/docs/source/install.rst
https://github.com/dask/dask · ReStructuredText · 140 lines · 105 code · 35 blank · 0 comment · 0 complexity · 7a29628ae1cef81f3e9fd50a232316d8 MD5 · raw file
- Install Dask
- ============
- You can install dask with ``conda``, with ``pip``, or by installing from source.
- Conda
- -----
- Dask is installed by default in `Anaconda <https://www.anaconda.com/download/>`_.
- You can update Dask using the `conda <https://www.anaconda.com/download/>`_ command::
- conda install dask
- This installs Dask and **all** common dependencies, including Pandas and NumPy.
- Dask packages are maintained both on the default channel and on `conda-forge <https://conda-forge.github.io/>`_.
- Optionally, you can obtain a minimal Dask installation using the following command::
- conda install dask-core
- This will install a minimal set of dependencies required to run Dask similar to (but not exactly the same as) ``python -m pip install dask`` below.
- Pip
- ---
- You can install everything required for most common uses of Dask (arrays,
- dataframes, ...) This installs both Dask and dependencies like NumPy, Pandas,
- and so on that are necessary for different workloads. This is often the right
- choice for Dask users::
- python -m pip install "dask[complete]" # Install everything
- You can also install only the Dask library. Modules like ``dask.array``,
- ``dask.dataframe``, ``dask.delayed``, or ``dask.distributed`` won't work until you also install NumPy,
- Pandas, Toolz, or Tornado, respectively.
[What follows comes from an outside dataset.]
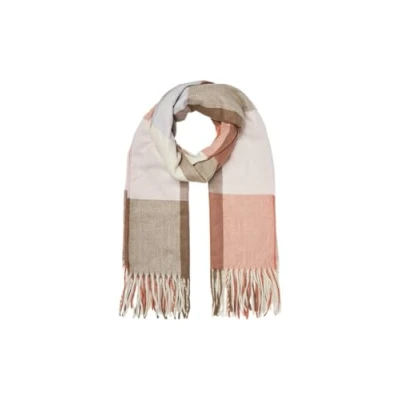 Abbildung von VERO MODA Vmellen Woven Scarf Ga Noos Schal, Burnt Sienna/Checks:Sweet Dreams/Cosmic/Brown LEN/BRICH, ONE Size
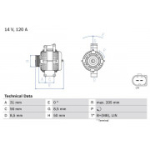 Generaator BOSCH 0 986 049 010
This is common for downstream library
- maintainers::
- python -m pip install dask # Install only core parts of dask
- We also maintain other dependency sets for different subsets of functionality::
- python -m pip install "dask[array]" # Install requirements for dask array
- python -m pip install "dask[bag]" # Install requirements for dask bag
- python -m pip install "dask[dataframe]" # Install requirements for dask dataframe
- python -m pip install "dask[delayed]" # Install requirements for dask delayed
- python -m pip install "dask[distributed]" # Install requirements for distributed dask
- We have these options so that users of the lightweight core Dask scheduler
- aren't required to download the more exotic dependencies of the collections
- (Numpy, Pandas, Tornado, etc.).
- Install from Source
- -------------------
- To install Dask from source, clone the repository from `github
- <https://github.com/dask/dask>`_::
- git clone https://github.com/dask/dask.git
- cd dask
- python -m pip install .
- You can also install all dependencies as well::
- python -m pip install ".[complete]"
- You can view the list of all dependencies within the ``extras_require`` field
- of ``setup.py``.
- Or do a developer install by using the ``-e`` flag::
- python -m pip install -e .
- Anaconda
- --------
- Dask is included by default in the `Anaconda distribution <https://www.anaconda.com/download>`_.
- Optional dependencies
- ---------------------
- Specific functionality in Dask may require additional optional dependencies.
- For example, reading from Amazon S3 requires ``s3fs``.
- These optional dependencies and their minimum supported versions are listed below.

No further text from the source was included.